The AIV antibody response detection threshold of the duplex FMIA was calculated to be 1835 median fluorescent units with an associated diagnostic sensitivity of 99.7% and diagnostic specificity of 97.3% relative to the IDEXX ELISA. This threshold value yielded 332 relative true positives, 56 false positives, 1 false negative, and 1987 true negatives.

The avian paramyxovirus antibody response detection threshold of the duplex FMIA was calculated to be 2284 median fluorescent units (MFU) with an associated diagnostic sensitivity of 95.4% and diagnostic specificity of 98.5% relative to the IDEXX ELISA. This threshold yielded 313 true positives, 18 false positives, 15 false negatives, and 1149 true negatives.

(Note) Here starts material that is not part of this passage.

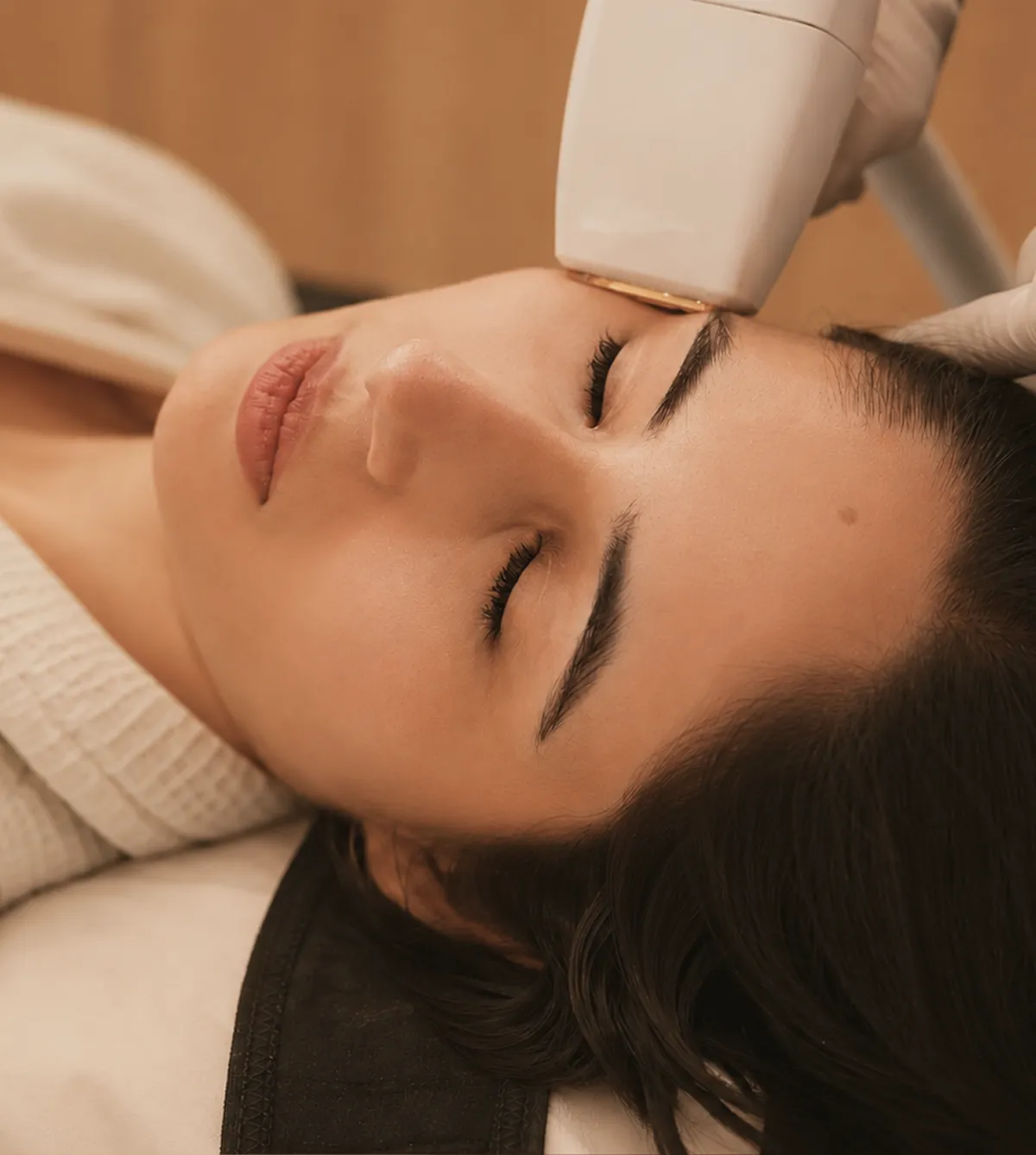 Photofacial (IPL)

All values were statistically significant within a 95% confidence interval (XLSTAT 2013). 

Fig. 5. Figures describe the combined frequency distribution of all chicken and turkey serum data for threshold determination, separately analyzing positive and negative samples. A) Avian paramyxovirus 1 negative serum samples; B) Avian paramyxovirus type 1 positive serum samples; C) Avian influenza negative serum samples; D) Avian influenza positive serum samples.

 

The duplex FMIA was used to monitor the kinetics of antibody responses in 2 groups of chickens that were experimentally infected with influenza and APMV-1 La'Sota strain. Serum samples that were collected at 0, 4, 7, 14, 21 and 28 days after infection (dpi) were tested using the duplex FMIA. In addition, the serum samples were also tested for the presence of APMV-1 antibodies using the indirect IDEXX APMV-1 ELISA kit and HI assay. In addition to the FMIA, for detecting AIV antibodies the IDEXX AIV Multiscreen ELISA Kit was also used. All pre-bleed samples from chickens of both groups tested negative for AIV and APMV-1 antibodies using all test methods.

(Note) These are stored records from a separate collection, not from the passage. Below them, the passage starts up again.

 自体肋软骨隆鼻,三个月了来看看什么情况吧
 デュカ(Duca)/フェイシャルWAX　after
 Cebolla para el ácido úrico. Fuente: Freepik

Chickens that were infected with APMV-1 started to develop antibody responses at 7 dpi and reached peak MFU by 14 dpi. The results were comparable to APMV-1 IDEXX ELISA results, but the duplex FMIA was more sensitive than HI assay. Results of this study are summarized in Fig. 6A.

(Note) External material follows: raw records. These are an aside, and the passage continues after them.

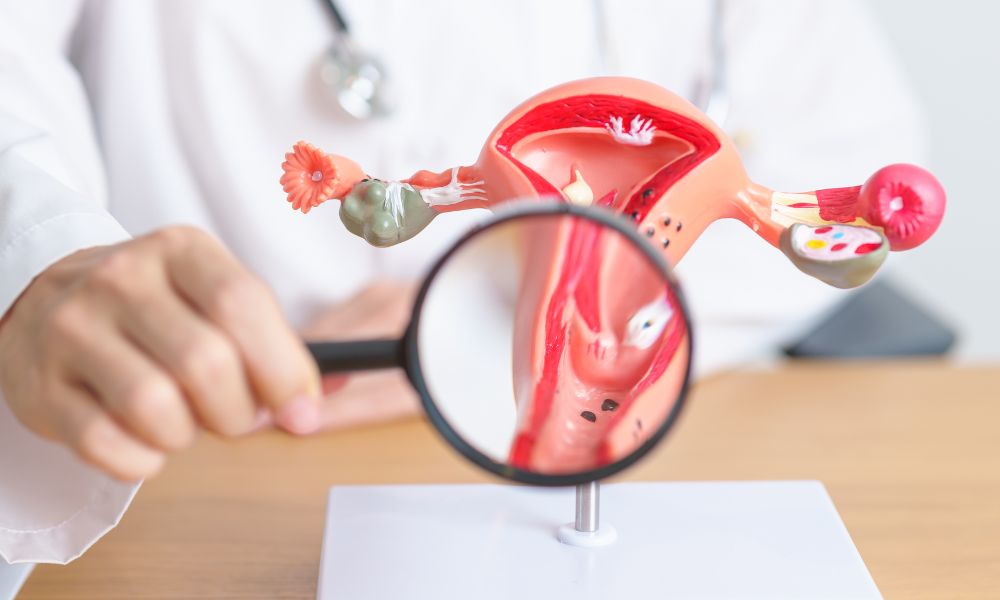 Cervical Cancer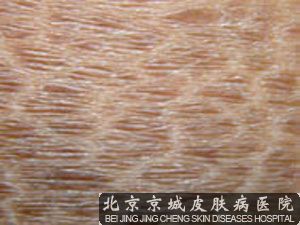 鱼鳞病会导致哪些并发症
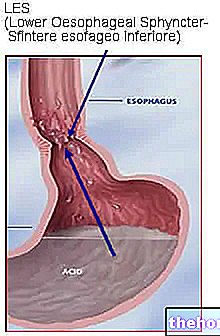 Reflux gastro-œsophagien - RGO : définition, causes, symptômes - santé de l'œsophage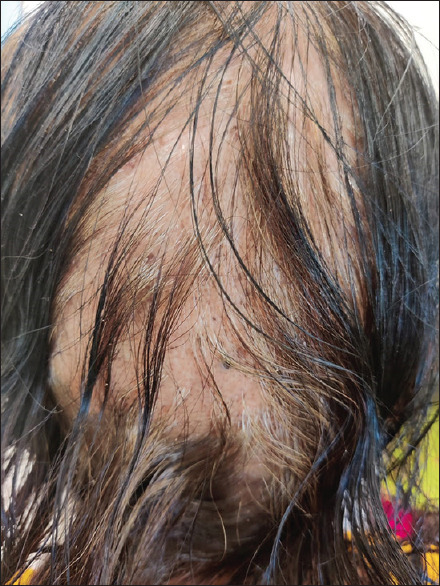 Graham-Little-Piccardi-Lassueur Syndrome with Mucosal Involvement: A Rare Case.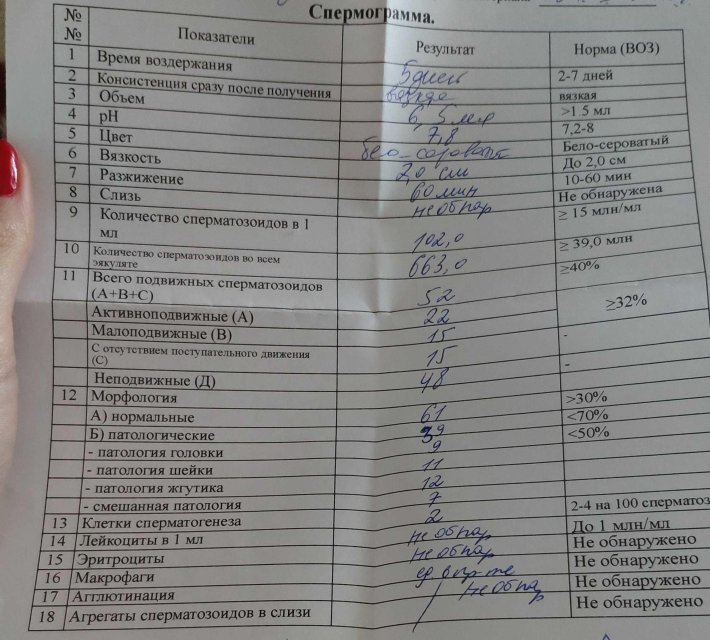 Нормальные показатели микроскопического исследования спермограммы
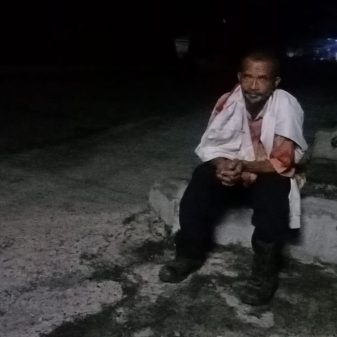 Tambal Hotmix Jalan Negara Dekat Kantor Lurah Mataloko,  Tiga Hari 5 Lakalantas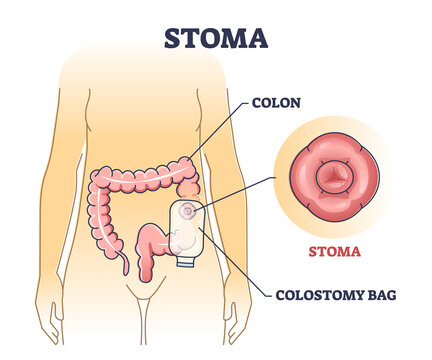 Stoma bag after colon surgery as medical patient drainage outline diagram. Labeled educational digestive problem solution scheme with anatomical gastrointestinal tract procedure vector illustration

Serum samples collected from the 2nd group of chickens that were infected with A/Anhuii/1/2013 (H7N9) were tested on the duplex FMIA. Infected chickens started to develop antibody responses starting at 4 dpi based on the IDEXX ELISA and duplex FMIA results. By 7 dpi, all samples tested positive on the IDEXX ELISA and duplex FMIA. However, there were only 3 samples that were positive on the HI assay. At 14 dpi, all samples tested positive on the IDEXX ELISA and on the duplex FMIA, however only 50% of samples had anti H7 hemagglutinin antibodies. By 21 dpi, all assays were detecting a positive immune response from all test serum. Results of this study are summarized in Fig. 6B.

The duplex FMIA assay was also used to detect the kinetics of antibody responses in turkey poults that were infected with LPAI viruses. For this purpose, turkeys in the 1st group were inoculated with A/turkey/ON/1963 (H6N8), and the 2nd group with A/turkey/MN/12877/1285/81 (H9N2). Pre-bleed serum samples collected from these turkeys tested negative for APMV-1 and AIV antibodies using the FMIA or IDEXX ELISA tests for both antibodies. Based on the IDEXX ELISA and FMIA results, almost 100% of the turkeys in both groups elicited humoral immune response against AIV starting at 7 dpi and reached peak responses by 14 dpi. According to the HI assay results, anti-hemagglutinin antibodies were detected in the 90% of turkeys in the H9N2 group by 14 dpi and all turkeys seroconverted by 21 dpi and remained at higher level until the end of the study at 28 dpi. Sixty percent of turkeys that were inoculated with the H6N8 virus developed anti hemagglutinin antibodies at 14 and 21 dpi. Results of this study are summarized in Fig. 7. 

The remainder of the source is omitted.